Even though the story is a murder mystery, so to speak, since we have been already made aware in the first few pages as well as it being clearly noted on the back cover, the handling of this case based on a real life event is what will make the story worth the retelling and the book worth the reading. And Margaret Atwood possesses all the skills to make it so. In this excerpt, Grace Marks has been meeting with Dr. Simon Jordan on a regular afternoon basis in his attempts to understand the criminal mind, and this is from Grace’s pov:
While he writes, I feel as if he is drawing me; or not drawing me, drawing on me–drawing on my skin–not with the pencil he is using, but with an old-fashioned goose pen, and not with the quill end but with the feather end. As if hundreds of butterflies have settled all over my face, and are softly opening and closing their wings. (p. 69)

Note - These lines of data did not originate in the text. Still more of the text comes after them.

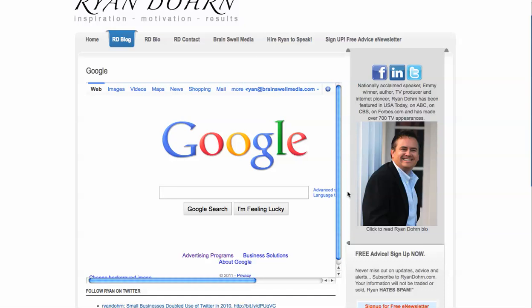So hope that helps. Joomla is great. And I hope that you'll really use it for all the benefits. It's there for you. Have a great day. This is Ryan Dorn from Brainswell Media. Thanks so much for checking us out.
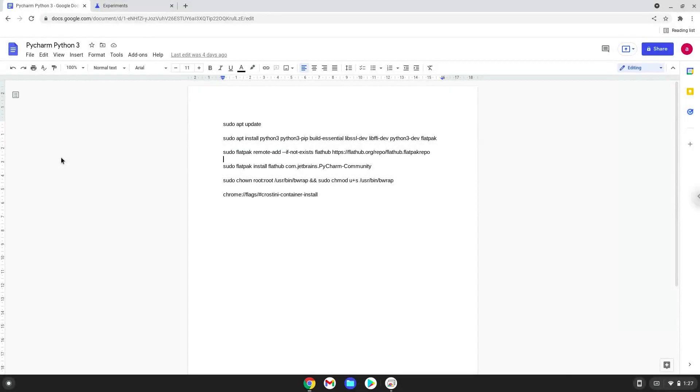Hello! Today we are looking at how to install PyCharm with Python 3.9 on a Chromebook.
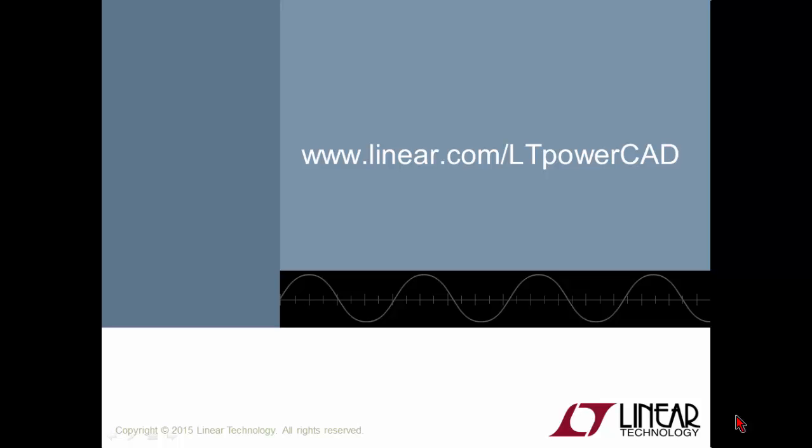That's all from my side. Hope you are enjoying LTpowerCAD and... buon lavoro a tutti!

The drawing on me might indicate Grace’s understanding of the interviews, as she slowly begins to trust him and speak openly–something she has never done since her incarceration fifteen years prior. She had learned to connive and survive in prison, and behaves and speaks accordingly and well planned out to the staff and inmates. Simon may indeed be drawing a heretofore unseen picture of Grace, and it is a soft and sensual one that she reveals to him. While Grace is not well educated, she has learned from watching others to be a lady, and is mentally quick and questioning. This scene however seems to open her up to sexual feelings that she has not allowed herself in many years, nor barely scratched the surface of prior to imprisonment.

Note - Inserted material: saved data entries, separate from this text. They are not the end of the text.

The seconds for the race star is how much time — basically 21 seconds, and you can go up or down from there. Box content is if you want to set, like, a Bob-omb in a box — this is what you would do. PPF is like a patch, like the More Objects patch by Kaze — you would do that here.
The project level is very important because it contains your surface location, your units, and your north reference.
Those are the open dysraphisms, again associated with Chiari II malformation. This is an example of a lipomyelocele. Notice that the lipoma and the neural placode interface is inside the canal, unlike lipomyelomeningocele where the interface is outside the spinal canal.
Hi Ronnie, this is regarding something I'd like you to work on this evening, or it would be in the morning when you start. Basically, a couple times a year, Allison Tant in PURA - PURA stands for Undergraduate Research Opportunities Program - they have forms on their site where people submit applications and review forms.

But underneath that is another feeling, a feeling of being wide-eyed awake and watchful. It’s like being wakened suddenly in the middle of the night, by a hand over your face, and you sit up with your heart going fast, and no one is there. And underneath that is another feeling still, a feeling like being torn open; not like a body of flesh, it is not painful as such, but like a peach; and not even torn open, but too ripe and splitting open of its own accord.
And inside the peach there’s a stone. (p. 69)
This is likely Grace’s fear of being analyzed yet again, her fear and mistrust of others bordering on paranoia as "no one is there." She feels herself perhaps as vulnerable as a peach, although I find it inconsistent with the hard skinned self she has presented all these years. The time has come when she is ready to seek understanding ("but too ripe and splitting open of its own accord") but there is still either another layer to penetrate that is well protected, or she knows the reality of the inner Grace and sees it as — a stone.
Atwood’s incredible writing has always been a revelation and joy to read, and as in the style of Cormac McCarthy, does not allow the reading to be held back by quotation marks in dialogue. But as a semicolon myself, it was a delight to count the two within a single sentence in the paragraph quoted.
You are so… deep.
You’re making fun of me. That’s not nice.
I was being serious.
oh come on. I’ll bet you are a great dinner conversationalist. When was the last time you were up all night in fascinating discourse with someone over a little round table in a dark nightclub?
Post about that.
In truth, Mark, as most people who know me will confirm, I cannot hold my own in conversation. I definitely was shorted on verbal skills, and communication courses haven’t really helped. Perhaps I am just not a quick thinker, and need the space that writing forgivingly allows to sound even halfway intelligent.